Poverty needs to be framed differently to have the truth about it understood. Since our current administration took office, the political slandering of the poor seems unnecessarily rigorous. The administration appears uninterested in honest statistics readily available that can prove and diffuse blatant misrepresentation of the poor. Its “voice” relentlessly promotes false and corrupt rhetoric fueling prejudice.

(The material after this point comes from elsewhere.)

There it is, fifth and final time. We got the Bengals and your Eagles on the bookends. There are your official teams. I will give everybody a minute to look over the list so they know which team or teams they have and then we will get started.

But context is everything. The truth is that poverty can find any of us, especially in a state where job growth is nothing more than a broken promise. Lose a job, get cancer, lose an income-generating spouse, bear a child with a disability, care for an ailing adult, experience a devastating house fire — none of us are immune to life’s tragedies. The ensuing financial instability of these households sometimes never recovers, weakening the ability for families to protect themselves from chronic poverty. For a child in that setting, everything from health to education can be negatively affected for many years.

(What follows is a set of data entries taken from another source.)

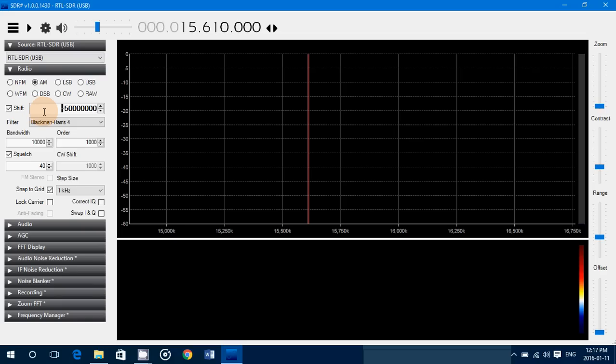And basically, when you want to listen to VHF, what you do is you just remove the check mark for the shift. You see it becomes grayed out, it means it's not working. When you want to go back to shortwave or HF, you just put back the little shift.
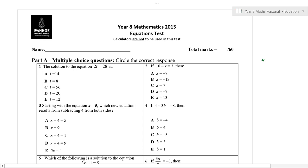All right, year eights. Today we're going to be going through our practice tests, which as you can see is a year eight mathematics test from 2015 on equations. Maths is one of those things where you tend to get very similar sort of questions over the years, so this will give you a pretty good guide as to what to expect.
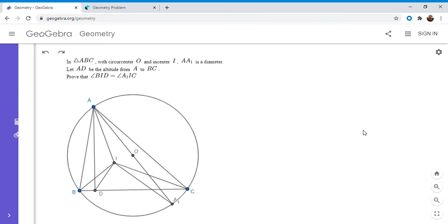So if you'd like to try to solve it, feel free to pause the video. Alright, so now I'm going to go over it. My statement of the problem is actually just slightly different from Han Shiro's statement, but it's essentially the same problem. We have a triangle ABC with circumcenter O and incenter I. AA1 is a diameter. AD is the altitude from A to BC. And we want to show that angle BID is equal to angle A1IC.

Food, shelter, day care and transportation demand large financial obligations. If politicians vote to cut the meager incomes that struggling populations already live on, or vote to withhold funds and subsidies that are available, it further exacerbates the desperation and poverty in our state.

Withholding available funds and making veterans, seniors, children, the disabled and the truly poor more downtrodden is a travesty of justice and humanity. Impacting lives for the better helps us all. Change the legislation. Change the conversation.